ASSIGNMENT: Every entry should be copied exactly, with nothing added or dropped.

◇ ◇ ◇

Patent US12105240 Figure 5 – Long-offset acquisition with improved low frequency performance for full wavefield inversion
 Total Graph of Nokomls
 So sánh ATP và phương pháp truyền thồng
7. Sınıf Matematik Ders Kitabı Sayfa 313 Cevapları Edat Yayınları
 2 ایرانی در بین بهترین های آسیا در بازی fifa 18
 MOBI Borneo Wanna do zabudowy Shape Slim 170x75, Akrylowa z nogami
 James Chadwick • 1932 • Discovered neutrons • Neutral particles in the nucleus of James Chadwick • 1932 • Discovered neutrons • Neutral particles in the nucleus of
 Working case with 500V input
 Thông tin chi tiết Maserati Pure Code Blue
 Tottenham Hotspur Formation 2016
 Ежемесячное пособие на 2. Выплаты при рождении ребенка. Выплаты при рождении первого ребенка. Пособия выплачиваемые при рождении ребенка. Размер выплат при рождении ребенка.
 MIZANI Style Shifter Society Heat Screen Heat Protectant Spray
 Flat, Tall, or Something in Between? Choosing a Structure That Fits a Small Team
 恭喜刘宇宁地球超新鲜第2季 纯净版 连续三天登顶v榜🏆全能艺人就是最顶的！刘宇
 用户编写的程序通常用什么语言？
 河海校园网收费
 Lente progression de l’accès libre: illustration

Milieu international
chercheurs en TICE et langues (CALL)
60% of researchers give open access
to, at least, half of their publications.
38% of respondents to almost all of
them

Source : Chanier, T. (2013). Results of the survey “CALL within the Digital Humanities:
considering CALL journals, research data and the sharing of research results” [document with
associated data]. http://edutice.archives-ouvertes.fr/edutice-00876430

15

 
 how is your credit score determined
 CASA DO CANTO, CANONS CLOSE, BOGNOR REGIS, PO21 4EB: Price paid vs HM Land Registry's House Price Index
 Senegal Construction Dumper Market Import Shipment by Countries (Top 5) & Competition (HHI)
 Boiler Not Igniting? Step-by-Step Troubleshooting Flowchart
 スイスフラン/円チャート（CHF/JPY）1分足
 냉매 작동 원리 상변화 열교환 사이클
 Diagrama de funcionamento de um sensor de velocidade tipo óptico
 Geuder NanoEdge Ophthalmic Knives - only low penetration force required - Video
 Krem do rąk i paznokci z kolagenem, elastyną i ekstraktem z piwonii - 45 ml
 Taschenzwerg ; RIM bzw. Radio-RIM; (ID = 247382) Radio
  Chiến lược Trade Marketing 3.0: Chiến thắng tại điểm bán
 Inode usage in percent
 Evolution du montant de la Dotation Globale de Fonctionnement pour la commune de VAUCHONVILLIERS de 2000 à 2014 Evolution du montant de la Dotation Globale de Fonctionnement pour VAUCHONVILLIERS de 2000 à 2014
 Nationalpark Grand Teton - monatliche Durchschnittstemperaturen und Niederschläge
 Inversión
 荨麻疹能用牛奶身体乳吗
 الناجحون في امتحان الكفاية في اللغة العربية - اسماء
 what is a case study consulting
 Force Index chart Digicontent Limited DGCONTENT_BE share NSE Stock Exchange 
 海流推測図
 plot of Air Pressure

◇ ◇ ◇

SOLUTION TO THE EXERCISE:
Patent US12105240 Figure 5 – Long-offset acquisition with improved low frequency performance for full wavefield inversion
 Total Graph of Nokomls
 So sánh ATP và phương pháp truyền thồng
7. Sınıf Matematik Ders Kitabı Sayfa 313 Cevapları Edat Yayınları
 2 ایرانی در بین بهترین های آسیا در بازی fifa 18
 MOBI Borneo Wanna do zabudowy Shape Slim 170x75, Akrylowa z nogami
 James Chadwick • 1932 • Discovered neutrons • Neutral particles in the nucleus of James Chadwick • 1932 • Discovered neutrons • Neutral particles in the nucleus of
 Working case with 500V input
 Thông tin chi tiết Maserati Pure Code Blue
 Tottenham Hotspur Formation 2016
 Ежемесячное пособие на 2. Выплаты при рождении ребенка. Выплаты при рождении первого ребенка. Пособия выплачиваемые при рождении ребенка. Размер выплат при рождении ребенка.
 MIZANI Style Shifter Society Heat Screen Heat Protectant Spray
 Flat, Tall, or Something in Between? Choosing a Structure That Fits a Small Team
 恭喜刘宇宁地球超新鲜第2季 纯净版 连续三天登顶v榜🏆全能艺人就是最顶的！刘宇
 用户编写的程序通常用什么语言？
 河海校园网收费
 Lente progression de l’accès libre: illustration

Milieu international
chercheurs en TICE et langues (CALL)
60% of researchers give open access
to, at least, half of their publications.
38% of respondents to almost all of
them

Source : Chanier, T. (2013). Results of the survey “CALL within the Digital Humanities:
considering CALL journals, research data and the sharing of research results” [document with
associated data]. http://edutice.archives-ouvertes.fr/edutice-00876430

15

 
 how is your credit score determined
 CASA DO CANTO, CANONS CLOSE, BOGNOR REGIS, PO21 4EB: Price paid vs HM Land Registry's House Price Index
 Senegal Construction Dumper Market Import Shipment by Countries (Top 5) & Competition (HHI)
 Boiler Not Igniting? Step-by-Step Troubleshooting Flowchart
 スイスフラン/円チャート（CHF/JPY）1分足
 냉매 작동 원리 상변화 열교환 사이클
 Diagrama de funcionamento de um sensor de velocidade tipo óptico
 Geuder NanoEdge Ophthalmic Knives - only low penetration force required - Video
 Krem do rąk i paznokci z kolagenem, elastyną i ekstraktem z piwonii - 45 ml
 Taschenzwerg ; RIM bzw. Radio-RIM; (ID = 247382) Radio
  Chiến lược Trade Marketing 3.0: Chiến thắng tại điểm bán
 Inode usage in percent
 Evolution du montant de la Dotation Globale de Fonctionnement pour la commune de VAUCHONVILLIERS de 2000 à 2014 Evolution du montant de la Dotation Globale de Fonctionnement pour VAUCHONVILLIERS de 2000 à 2014
 Nationalpark Grand Teton - monatliche Durchschnittstemperaturen und Niederschläge
 Inversión
 荨麻疹能用牛奶身体乳吗
 الناجحون في امتحان الكفاية في اللغة العربية - اسماء
 what is a case study consulting
 Force Index chart Digicontent Limited DGCONTENT_BE share NSE Stock Exchange 
 海流推測図
 plot of Air Pressure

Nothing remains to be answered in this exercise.